Some of these people live on less than $5 a day. Their homes consist of one large, dirt floor room where chickens, pigs and ducks run in and out all day.
Obviously, they have no electricity, no heat except for wood and coal, and bathing takes place in the nearby creek.
There are no endless government handouts, but the people don't complain a bit. Everyone was friendly, and they were even going to slaughter a lamb on my behalf until I begged them not to.
All in all, an eye-opening experience. Our poor in contrast would be their upper middle class.
But enough on that topic. How about the oil situation last week, where the price of a barrel dropped almost $15 in three days. I'm sure we'll hear Congress praising those dastardly futures speculators for selling short and saving the day.
Didn't they blame the same investors for causing the price to run up and for making "obscene" profits? Speculators/investors don't care if the markets are rising or falling. They can profit either way as long as they GUESS right.
Most logical people will continue to see it as an economics result. Supply stays the same, demand decreases (people making painful choices) and the price goes down.
Also, the news of President Bush lifting an 18-year-old presidential ban on offshore drilling helped. All the world has to see is that we are serious about increasing our readily available supply, continue to conserve sensibly, and release some of our strategic petroleum reserves, and OPEC and other suppliers will start sweating profusely.
Your move, Congress.
Are you going to do what more than 70 percent of the population desires, which is to start drilling where the oil is abundant, or do you want to continue your partisan whining?
Are you going to bring the issue up before your August recess, or are you going to let the pain continue for many people? I guess you can't expect much from a Congress that has a 9 percent approval rating, according to recent polls. Even Bush is still at a 34 percent approval rating in one poll.
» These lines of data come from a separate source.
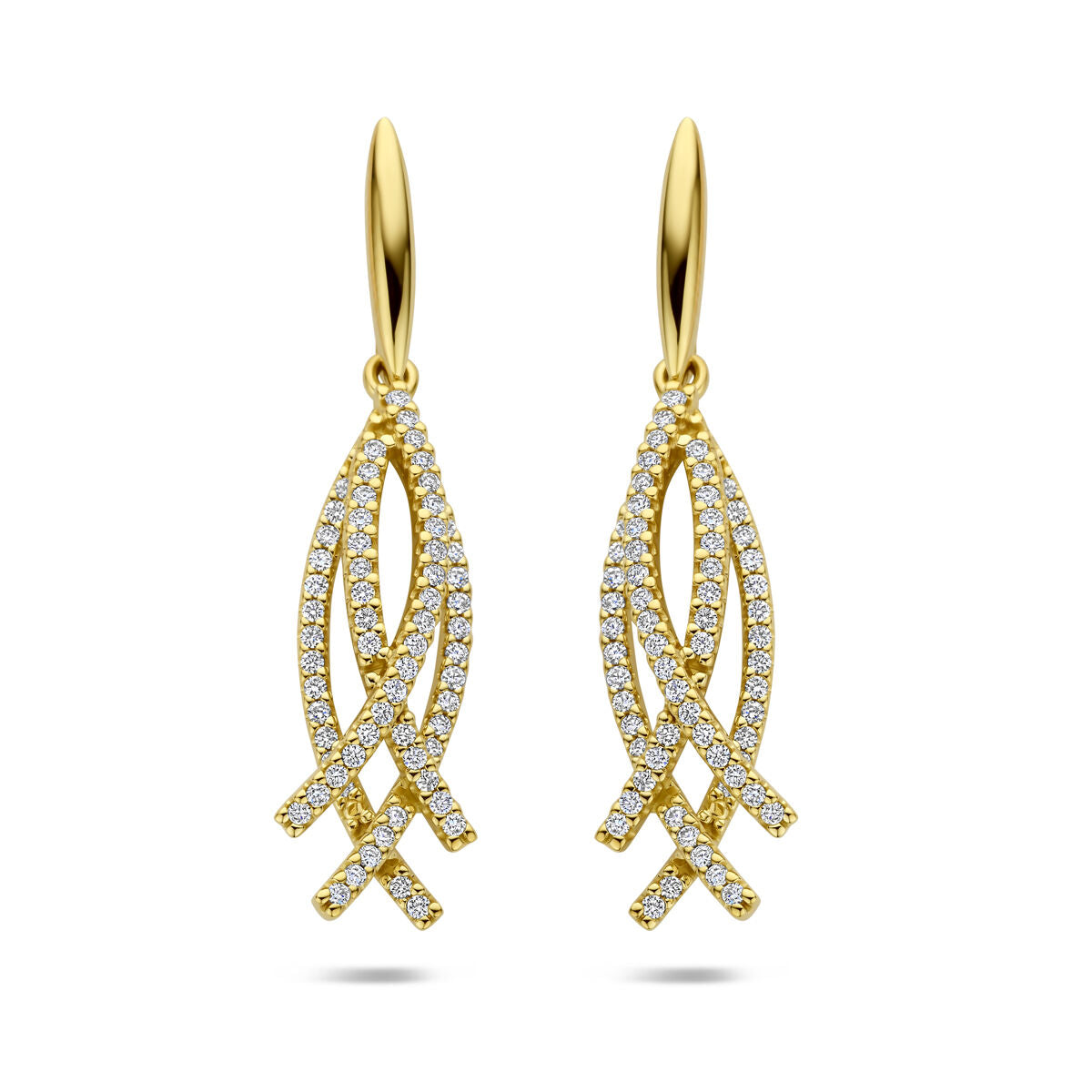 14k goldene Ohrringe mit Diamanten in geschwungener Form und funkelndem Design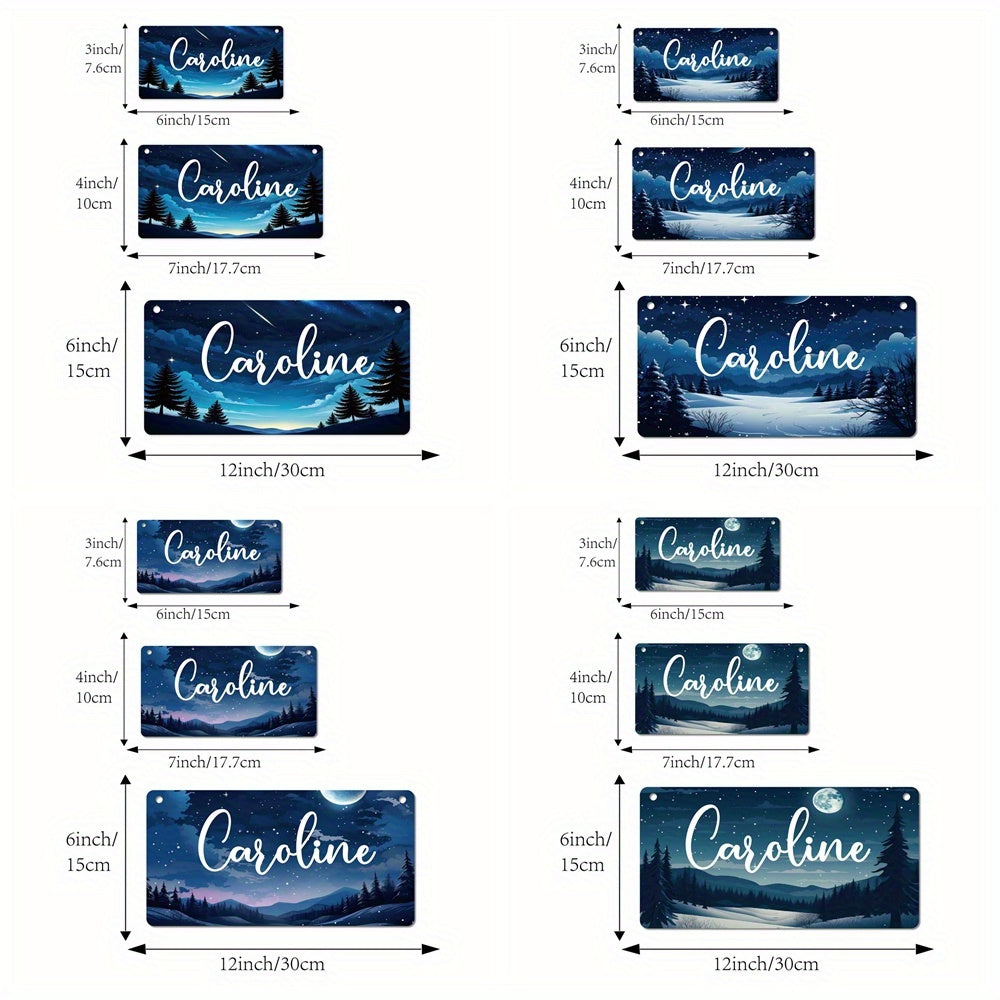 Custom name license plate featuring a starry sky design for home and car decor.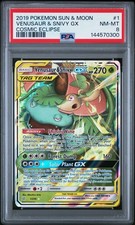 2019 POKEMON SUN & MOON COSMIC ECLIPSE #1 VENUSAUR & SNIVY GX PSA 8
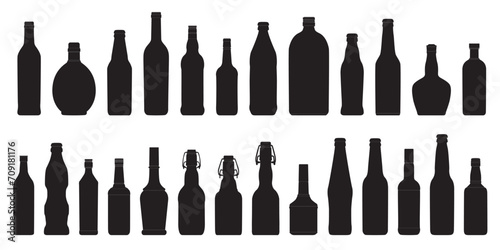 Bottle shape icon set. Beverage, drink, alcohol silhouette. Glass bottle symbol. Pub, bar concept. Brewery icon label design. Whiskey, vodka, cocktail, wine, beer, rum, cognac, martini, brandy bottles photo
I don't know whether logistics will prevent me from getting another column sent next time, so I would encourage you to go to an impressive website referred to me by a conservative friend.
It was a response by a person rebutting Howard Dean, teachers, professors and the media's description of a Republican as "a rich, greedy, egotistical individual, motivated only by money and the desire to accumulate more and more of it at the expense of the government, the working poor and all whom they exploit."
The person's response, in a paid advertisement in The Washington Post, certainly was a slap in the face to the above groups and made them look pretty foolish. Since it's hard to distinguish between a Republican and a Democrat, I choose to read it as conservative versus liberal.
You'll find a reprint of the ad at www.whatiam.net. I hope you enjoy it.